Eh, kenapa, sih, jumlah patung manusia tanah itu harus seribu? Waktu kru Vincent menanyakan hal itu, Oom Dadang tertawa. "Yang pasti jumlah itu tidak ada hubungannya dengan kode buntut atau angka keramat. Patung manusia tanah dibuat seribu karena tuntutan luas pantai." Dan kenapa pameran ini dibuat di pantai? "Sebab banyak orang datang ke pantai tanpa memandang usia dan status. Jika pameran ini dibuat di galeri misalnya, yang menonton pameran ini bakal lebih sedikit. Sebab kan tidak semua orang tertarik datang ke galeri. Dan menurut saya, pemasangan patung-patung manusia tanah di pantai Marina Binaria ini sangat tepat karena mereka yang tersingkir dapat memandangi kita yang berada di darat. Saya harap keberadaan 'para manusia tanah' yang diam ini mampu mengetuk pintu hati kita bahwa masih banyak manusia yang telah dihilangkan martabatnya. Mudah-mudahan dengan 'protes' diam mereka, kita dapat memberikan kehidupan yang lebih manusiawi bagi mereka." 'Tul! Kami setuju. Dan menurut kami, secara tidak langsung sebetulnya Oom Dadang sudah menyumbangkan tiga ratus juta rupiah bagi para manusia marjinal tersebut. Sebab dengan karyanya, Oom Dadang sudah menceritakan penderitaan para "manusia tanah" kepada orang lain yang diharapkan dapat memanusiakan manusia-manusia tanah itu. Terima kasih, Oom Dadang.

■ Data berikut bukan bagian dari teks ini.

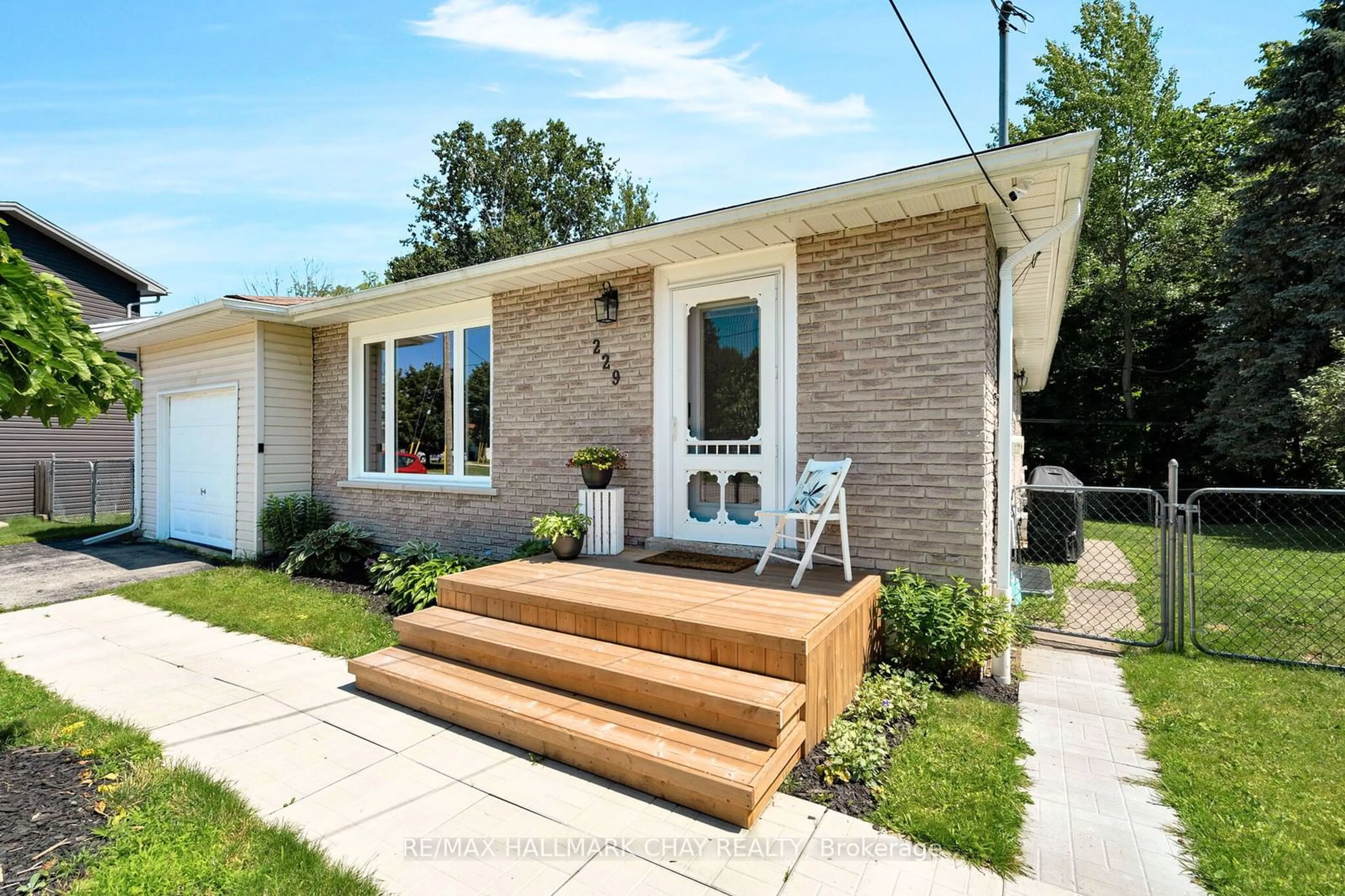 Frontside or backside of a home, cottage for 229 Eric St, Clearview Ontario L0M 1S0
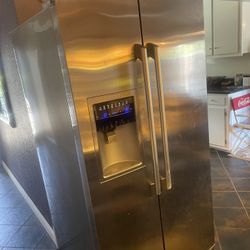 ELECTROLUX - Refrigerator- High End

Oom Dadang senang karena pihak Ancol tidak menuntut ini dan ditu. Oom Dadang bebas berkarya bagaimana dan di mana saja asal masih dalam lokasi Taman Impian Jaya Ancol. 

Sebenarnya dalam masyarakat terdapat tiga kelompok besar yaitu:
  1. Kelompok yang mempunyai power untuk menguasai sesamanya
  2. Kelompok yang terpinggir karena dimanfaatkan oleh sesamanya yang berkuasa
  3. Kelompok yang dapat menerima sesamanya dan menganggap derajat semua orang itu sama.

Hal ini dapat menjadi renungan untuk kita. Termasuk kelompok yang manakah kita ini?